In the most authorativie decision of the Supreme Court on the non party costs jurisdiction, that of Travellers v XYZ supra (of which more, much more below) Lord Sumption mused:
The common law has an instinctive reluctance to make orders in private law litigation which affect non-parties, but also a long-standing aversion to the unjustified interference by non-parties in other people’s litigation. The first of these instincts is founded on elementary principles of justice. Non-parties may well have a more or less direct commercial interest in the outcome but do not thereby assume the risks associated with contested litigation. Nor are they bound by rules of practice in the way that parties are. At the same time, there are cases where a person who is not on the record may nevertheless be the real party.
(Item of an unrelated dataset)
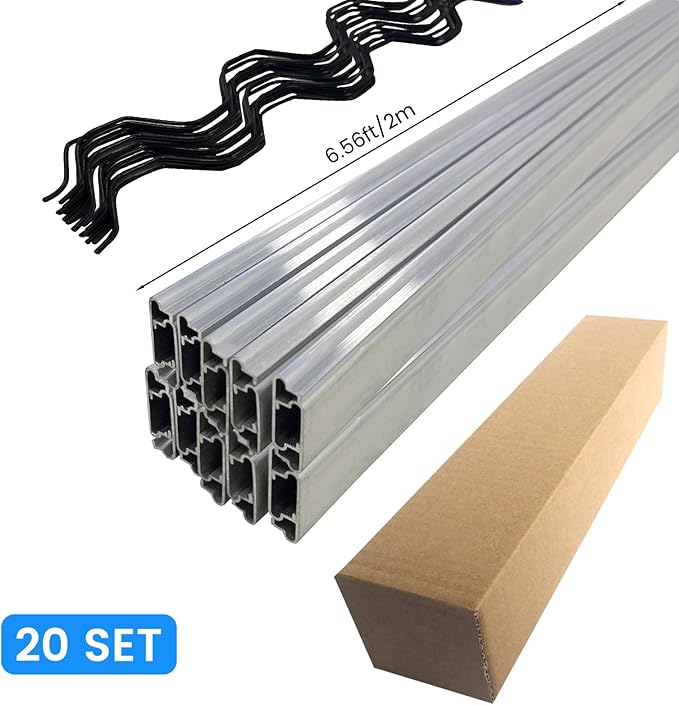 20 Set 6.6 Ft Greenhouse Lock Channel and Spring Wire，Aluminum Alloy Lock Channel and PVC Coated Spring Wires for Fixing Greenhouse Plastic Cover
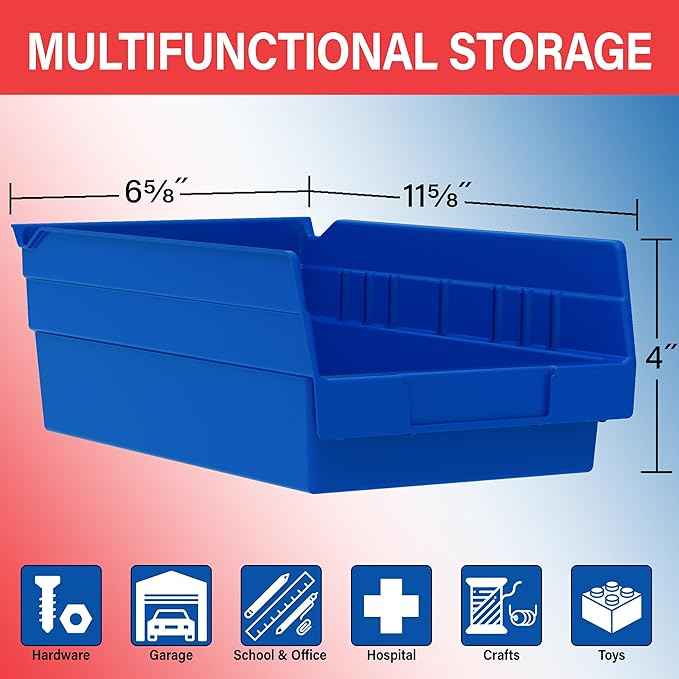 Akro-Mils 30130 Plastic Shelf Bins, Heavy Duty Storage Bins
He may, for example, be an equitable assignee or, arguably, a subrogated insurer, or have some other interest entitling him to litigate in the name of another. The second instinct depends for its practical application on what constitutes interference and what is unjustified, large questions which vary with changing attitudes to litigation. Historically, it arose from the concern of the law with the implications of contested litigation for public order, but is now founded mainly on a purely procedural concern for the fair and efficient conduct of court proceedings. In the context of costs orders against non-parties, the first instinct is reflected in Lords Briggs’s “real defendant” test, and the second in what he has called the “intermeddling” test. I agree with this taxonomy, and more broadly with Lord Briggs’s analysis of the principles and their application to this case.
Accordingly it is key to try an identify what are the concepts which underpin the exercise of the discretion to make or withhold such an order and thus to try to formulate a test which is as simple as it can be for first instant judges to apply in the particular factual context before them.